BEGIN TASK INPUT

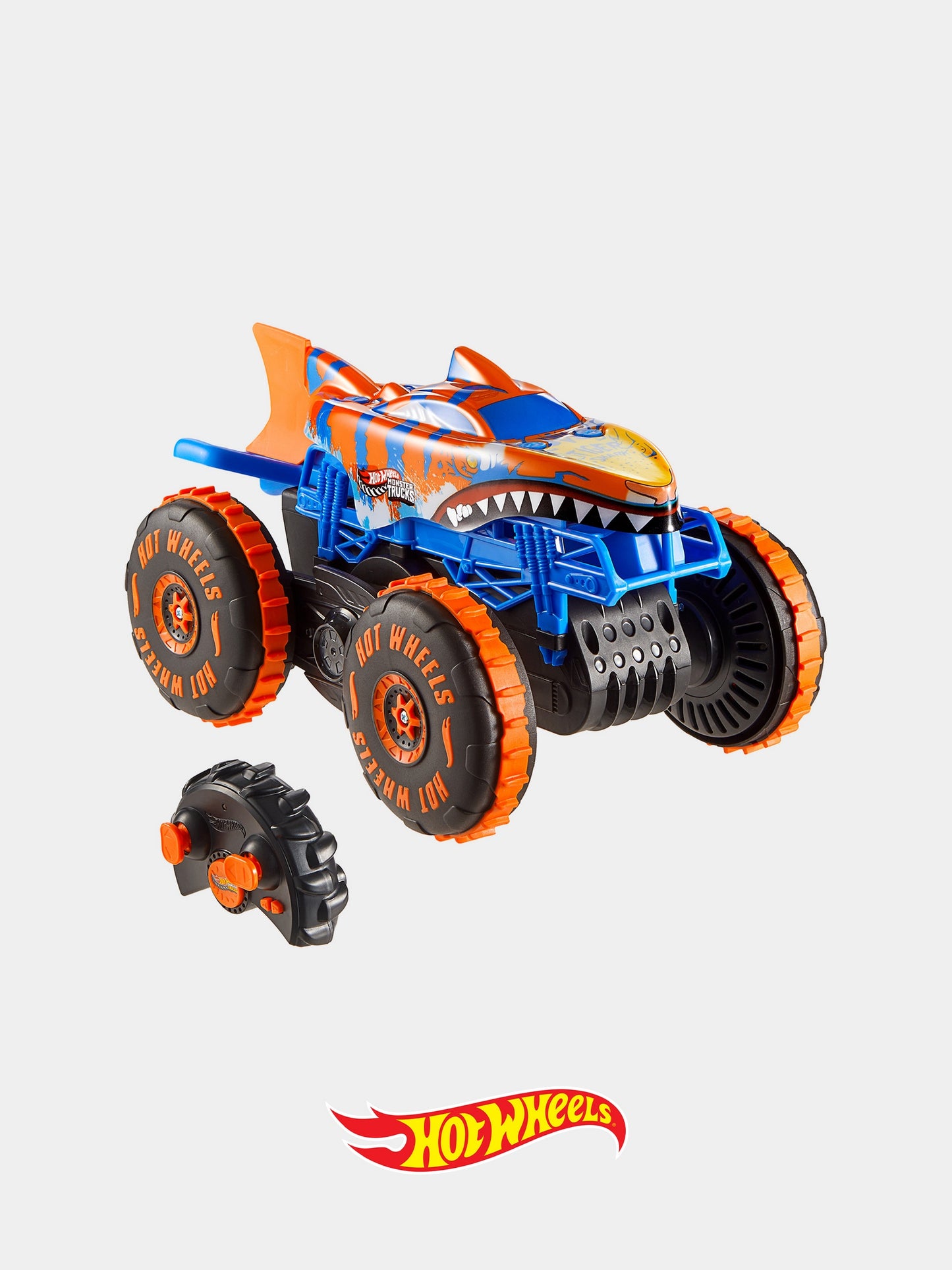 Monster Trucks Tiger Shark Super Scalatore RC per bambino,Hot Wheels,JFR39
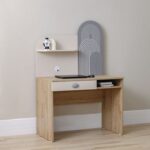 Zeta 1 Drawer Study Desk with Hutch - Off White & Grey - With 2-Year Warranty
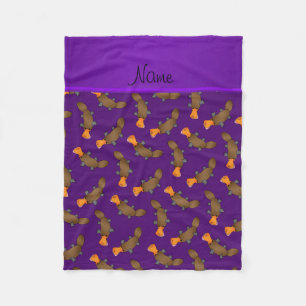 Couverture Polaire Motif pourpre nommé personnalisé d'ornithorynque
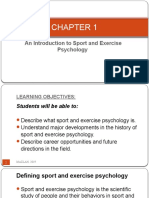 Topic 1 - An Introduction To Sport and Exercise Psychology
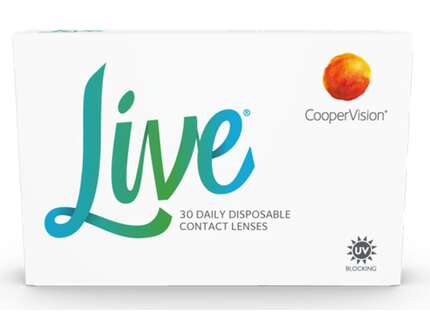 Produktbild für "Live 1 day daily disposable 30er Kontaktlinsen Cooper Vision"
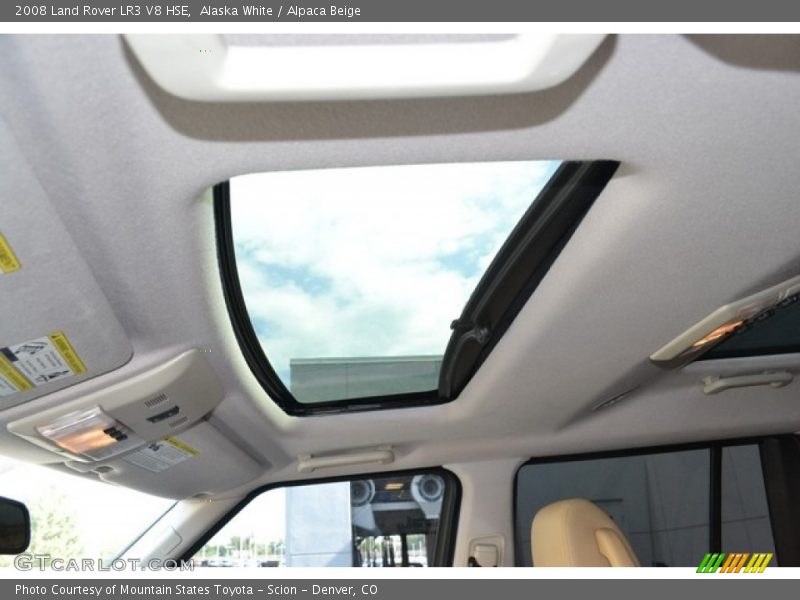 Alaska White / Alpaca Beige 2008 Land Rover LR3 V8 HSE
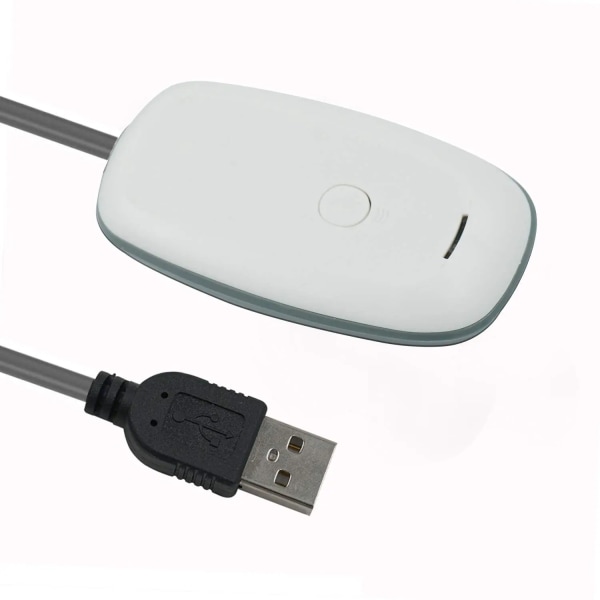 Trådlös spelmottagare USB -kontroller Gamepad-konverterare PC-adapter för Xbox 360 för Xbox360 Windows XP/7/8/10 black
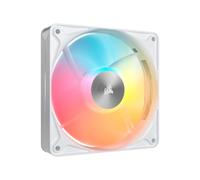 CORSAIR RS120 II ARGB 120mm Low-Noise Single Fan - White | PWM, Daisy-Chain Connectivity, Magnetic Dome Bearings, Zero RPM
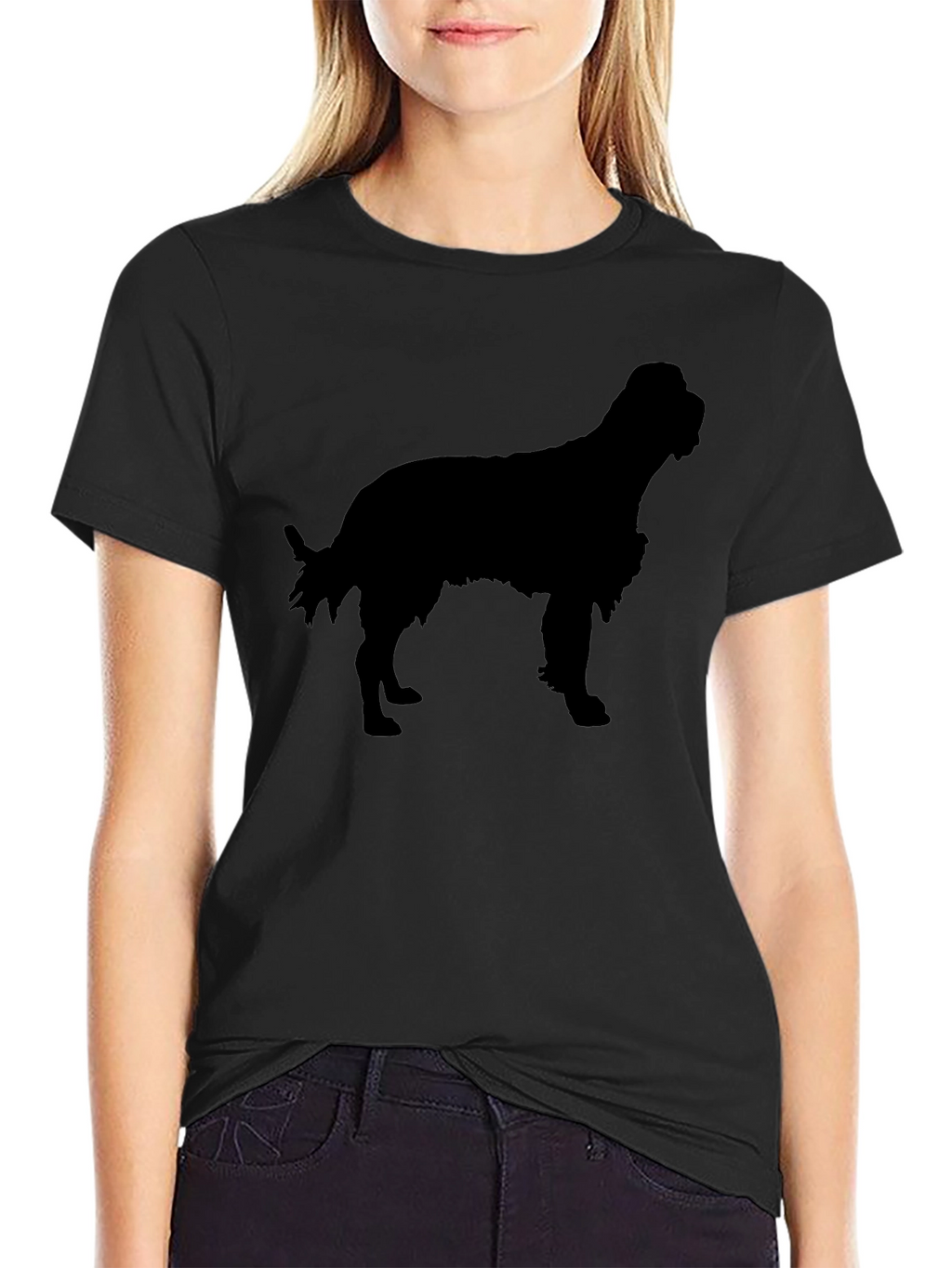 Dog Silhouette Black T-Shirt
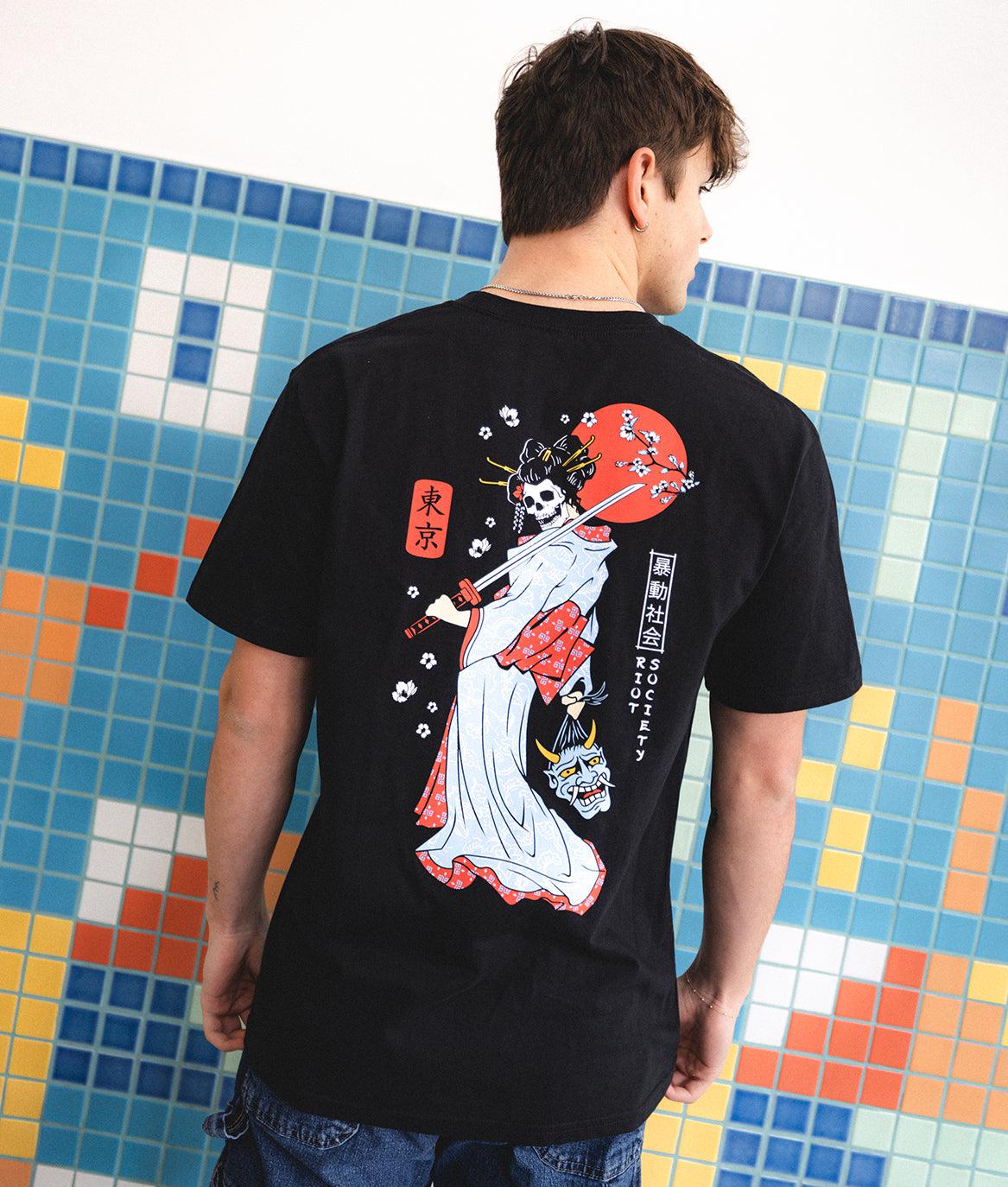 Geisha Samurai Mens T-Shirt - - Riot Society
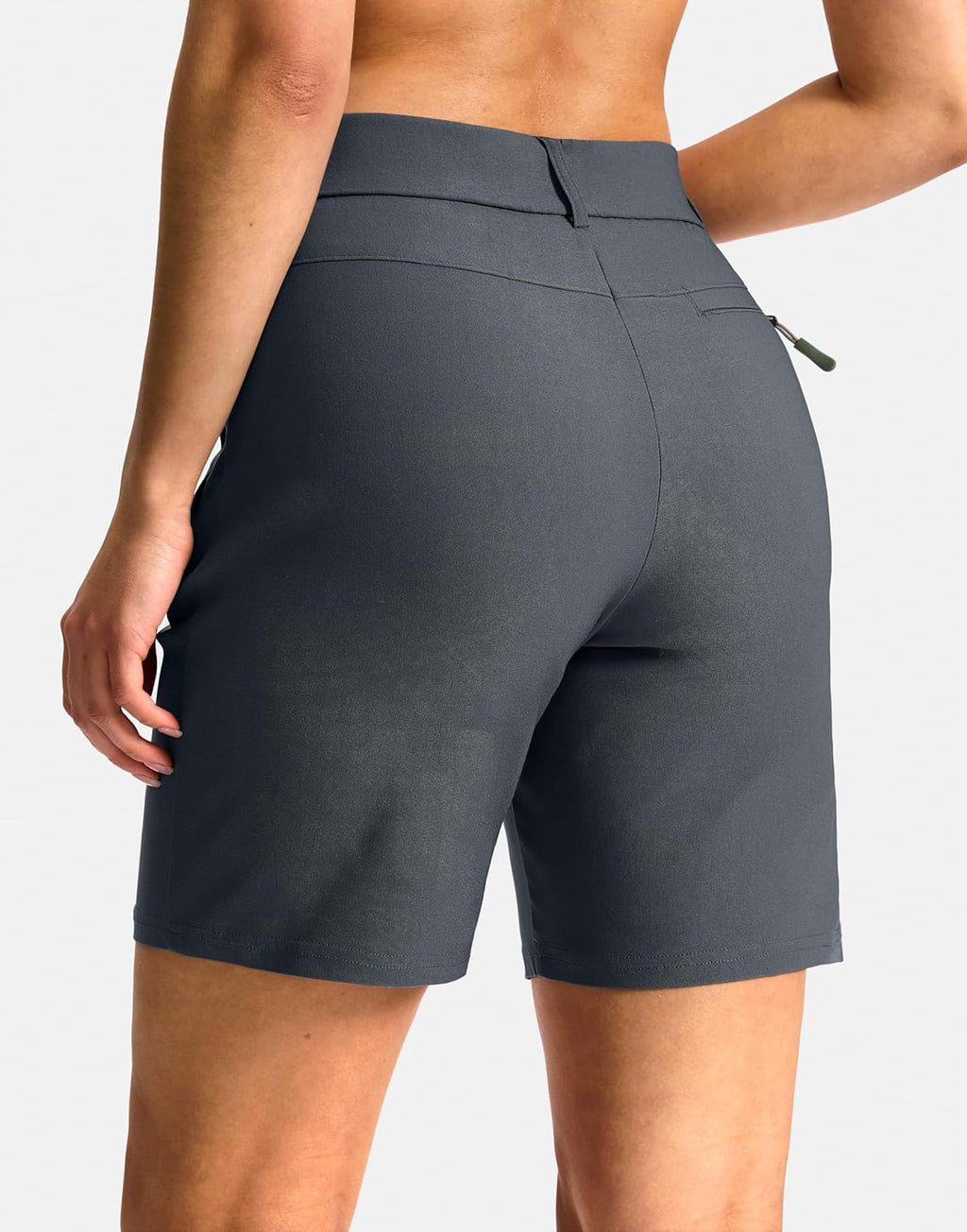 SANTINY Women's Hiking Golf Shorts - Quick Dry Stretch Fabric with 3 Pockets | 5"/7" Sizes Available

END TASK INPUT

=== TASK PROMPT ===
Transcribe exactly the lines that run from the first line of the records above through the line with "Couverture Polaire Motif", and include both of those lines; pictures stay out.

=== ANSWER TO THIS EXERCISE ===
 Monster Trucks Tiger Shark Super Scalatore RC per bambino,Hot Wheels,JFR39
 Zeta 1 Drawer Study Desk with Hutch - Off White & Grey - With 2-Year Warranty
 Couverture Polaire Motif pourpre nommé personnalisé d'ornithorynque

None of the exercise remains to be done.